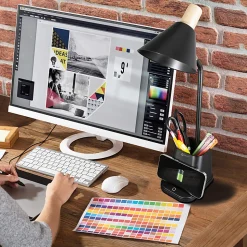 OttLite® Wellness Series Merge LED Desk Lamp With Wireless Charging, 18-1/4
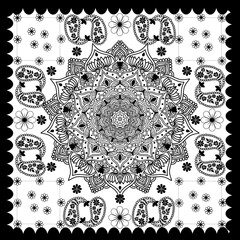 Black and White Floral Paisley Mandala | Intricate Symmetry Ornamental Pattern
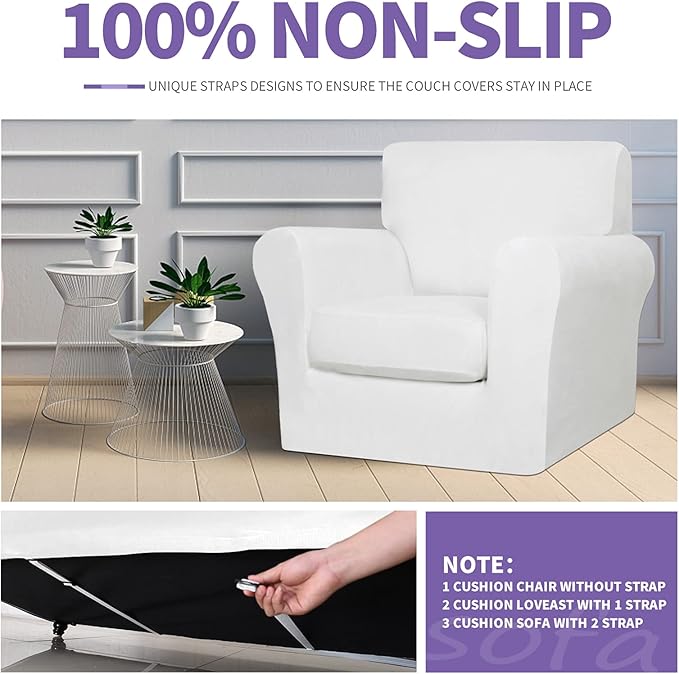 ZNSAYOTX Oversized Velvet 3 Piece Couch Cover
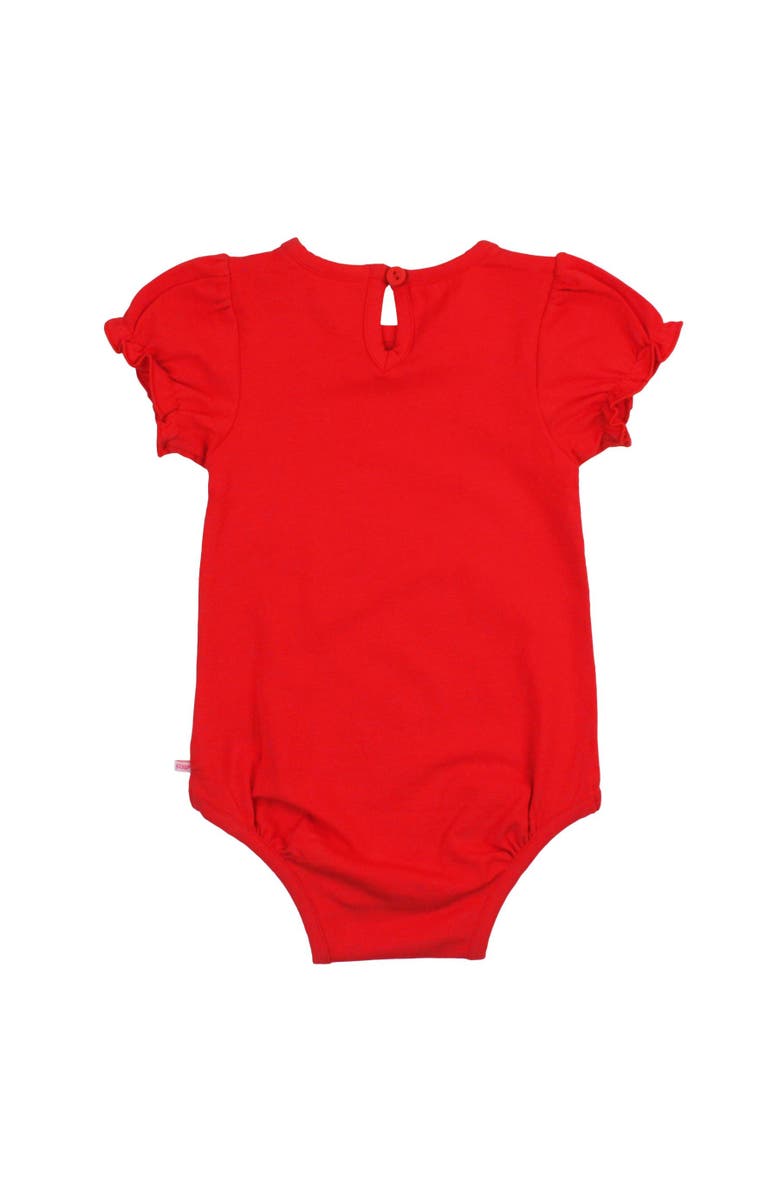 RuffleButts Baby/Toddler Girls Knit Puff Short Sleeve Bodysuit, Alternate, color, Red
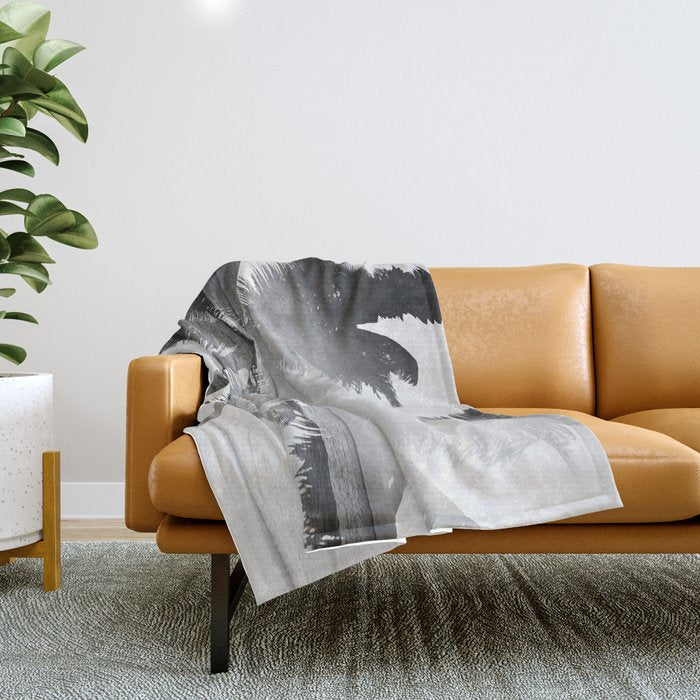 Tropicana seas - bw Throw Blanket Gallery Image 1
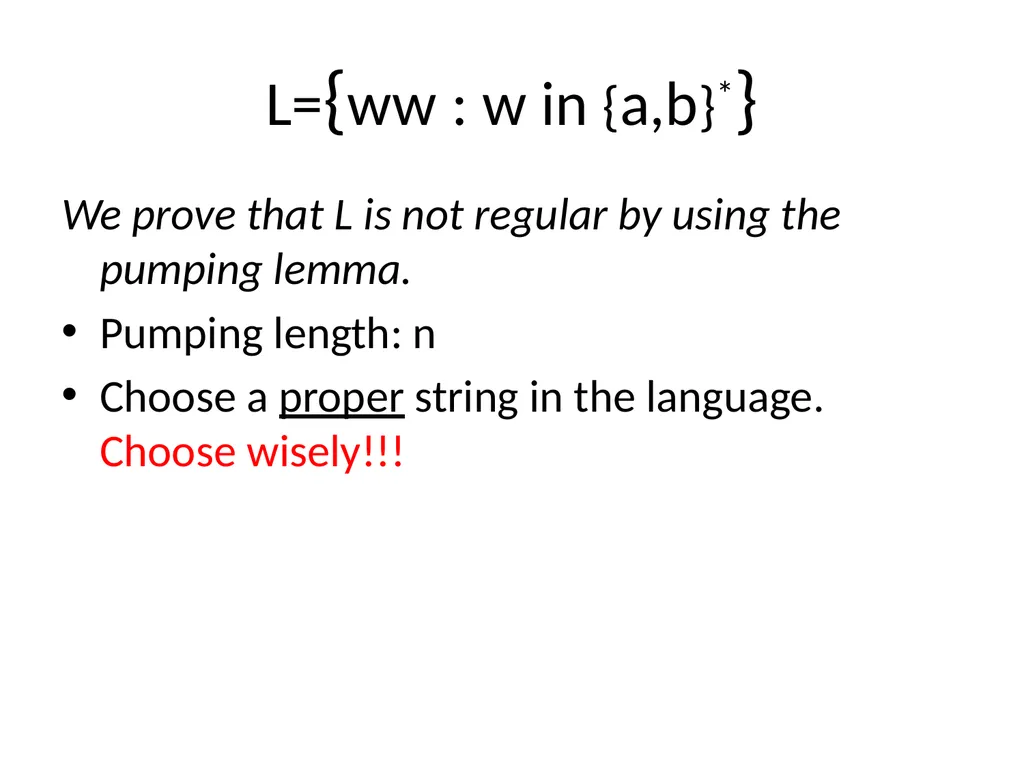 Pumping Lemma Examples L> = {aibj : i > j} - slide 31 of 67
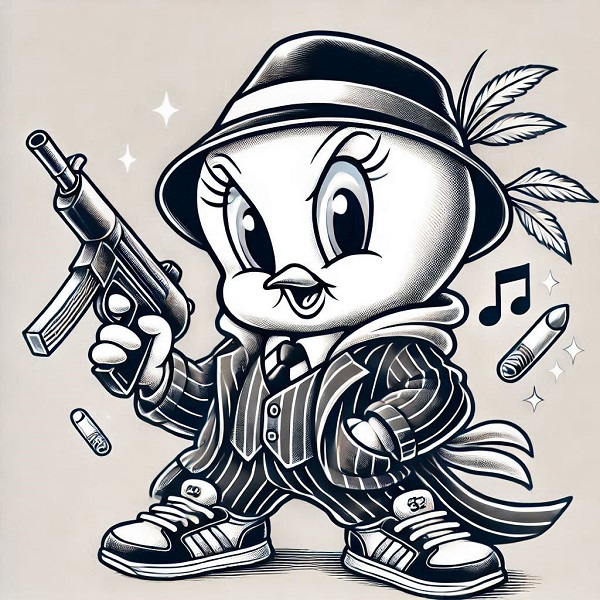 Gangster Tweety Bird Drawing 14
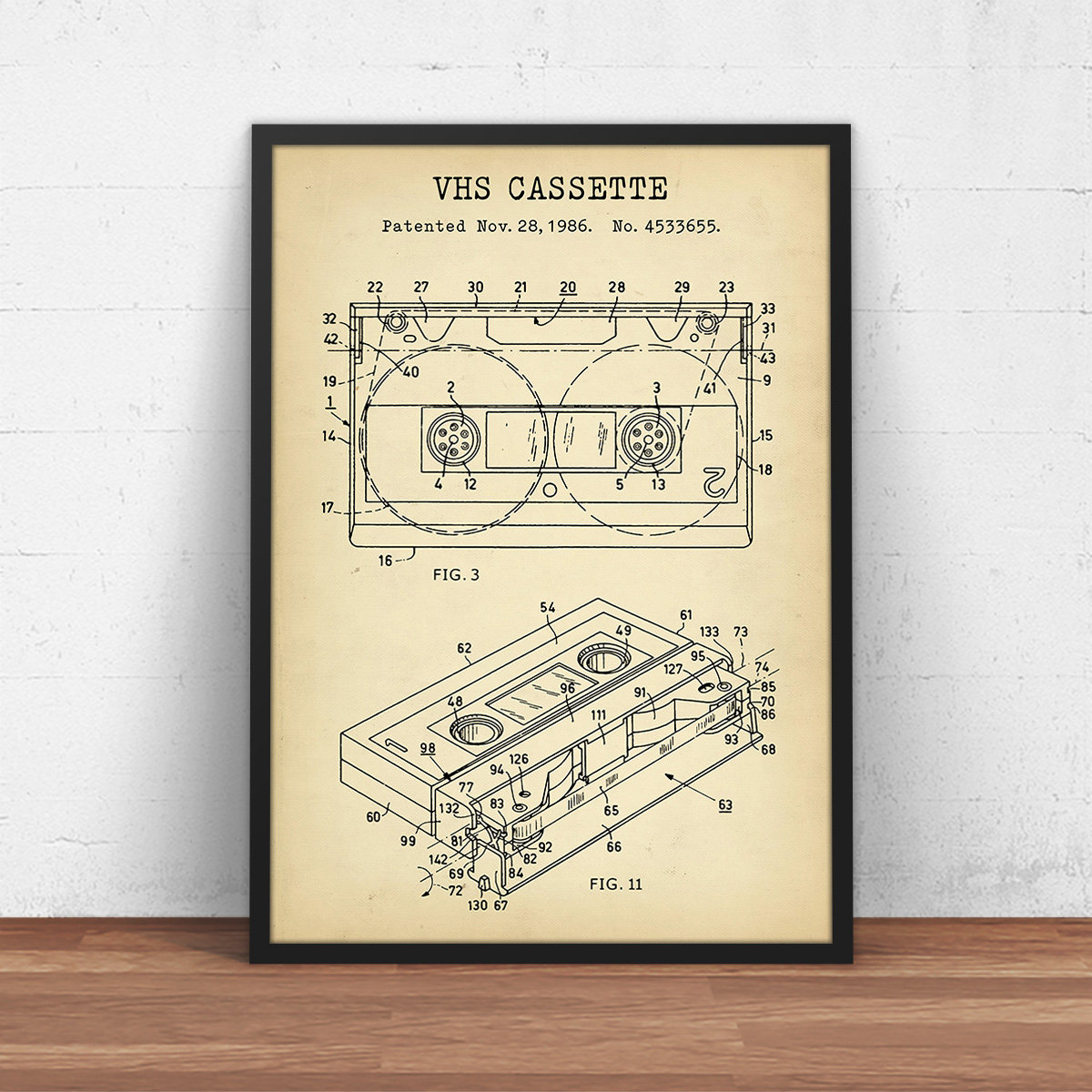 VHS ビデオ カセット特許プリント、ビデオ デザイン、ビンテージ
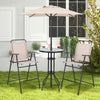 Outdoor bar set featuring two beige folding chairs, a round glass table, and a sun-proof umbrella for patio enjoyment.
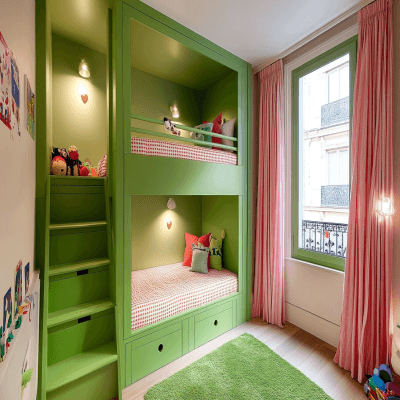 Modern Kids Bedroom Design With Built In Green Bunk Bed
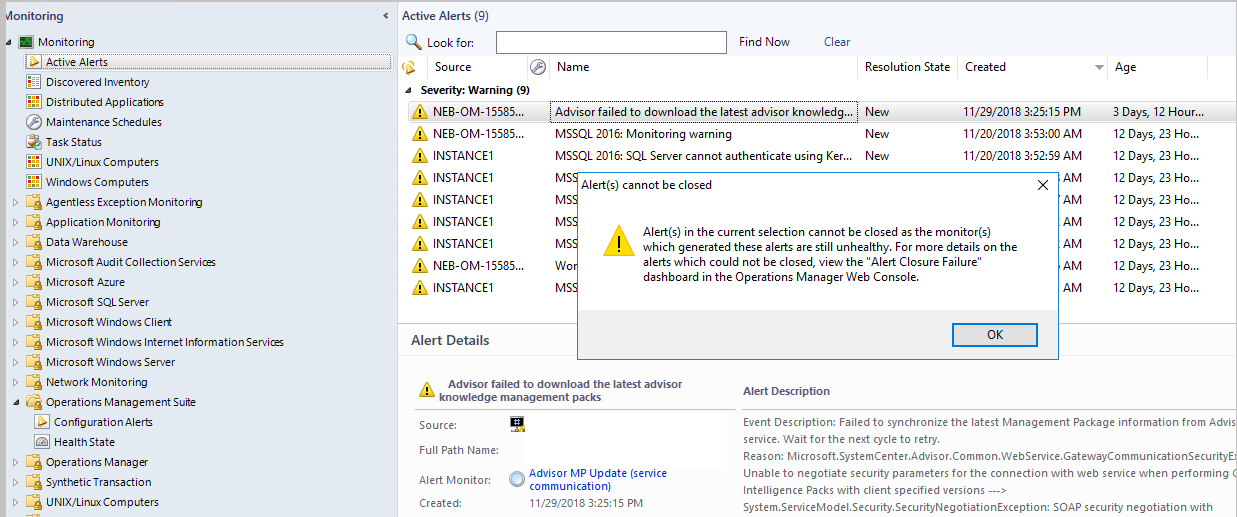 Capture d’écran montrant la console des opérations de message d’alerte fermée.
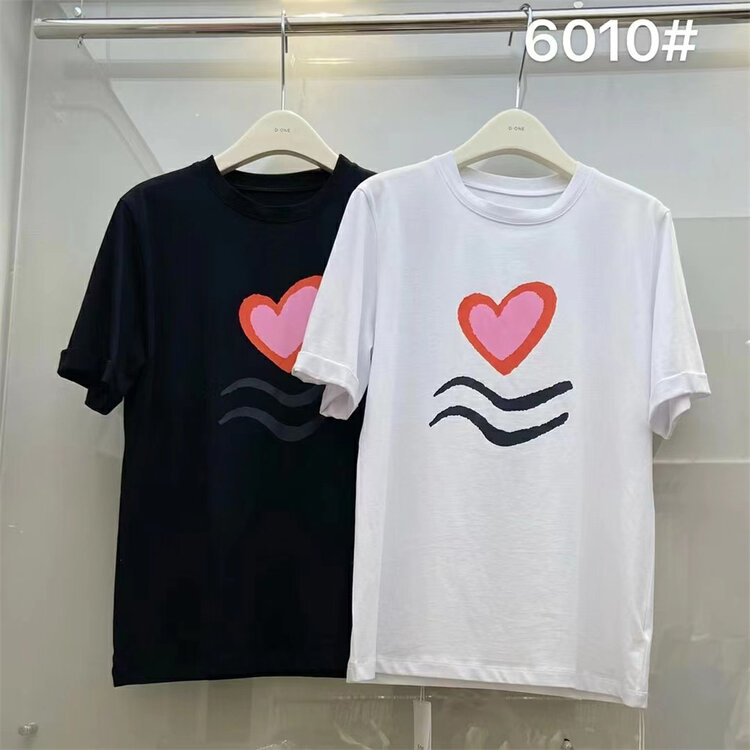 New year in early spring! [liu-y] wave love printed short sleeve T-shirt 6010# XJ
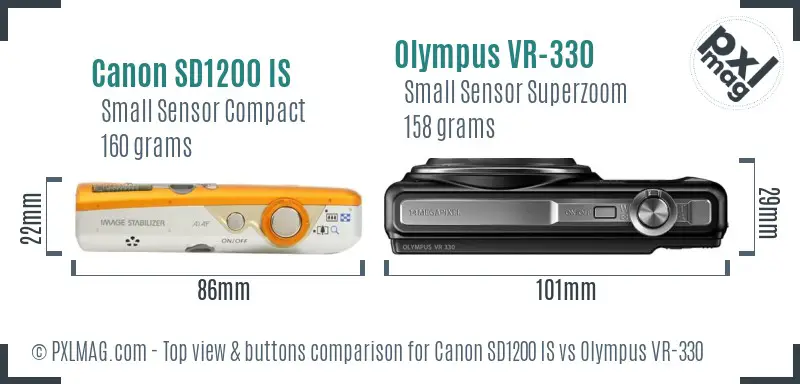 Canon SD1200 IS vs Olympus VR-330 top view buttons comparison Canon SD1200 IS vs Olympus VR-330 top view buttons comparison
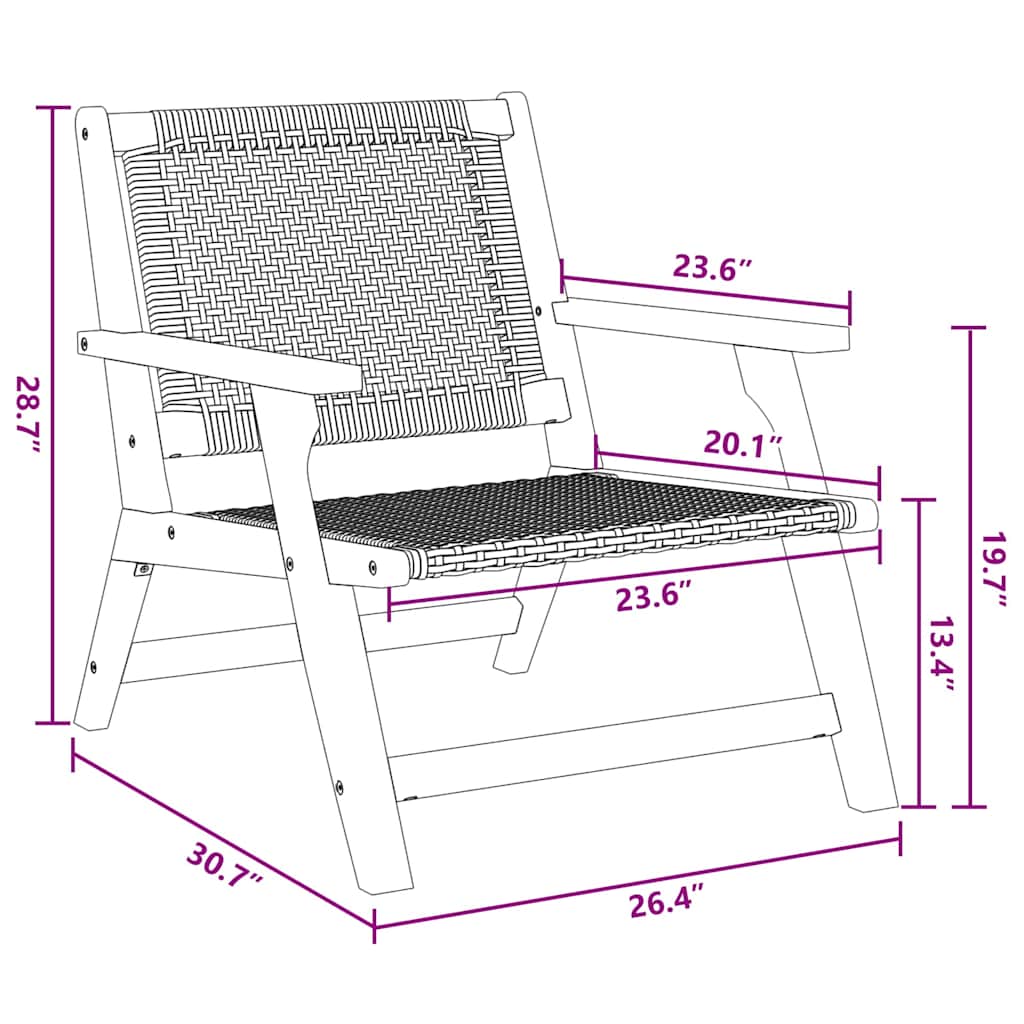 Gartenmöbel 2 pcs Schwarz 67 x 78 x 73cm Massivholz Akazie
============================================================
• Problem:
Would you copy out, exactly and with no pictures, only the lines above from the one that contains "Modern Kids Bedroom" through the one that contains "buttons comparison Canon"?

• Response area:
 Modern Kids Bedroom Design With Built In Green Bunk Bed
 Capture d’écran montrant la console des opérations de message d’alerte fermée.
 New year in early spring! [liu-y] wave love printed short sleeve T-shirt 6010# XJ
 Canon SD1200 IS vs Olympus VR-330 top view buttons comparison Canon SD1200 IS vs Olympus VR-330 top view buttons comparison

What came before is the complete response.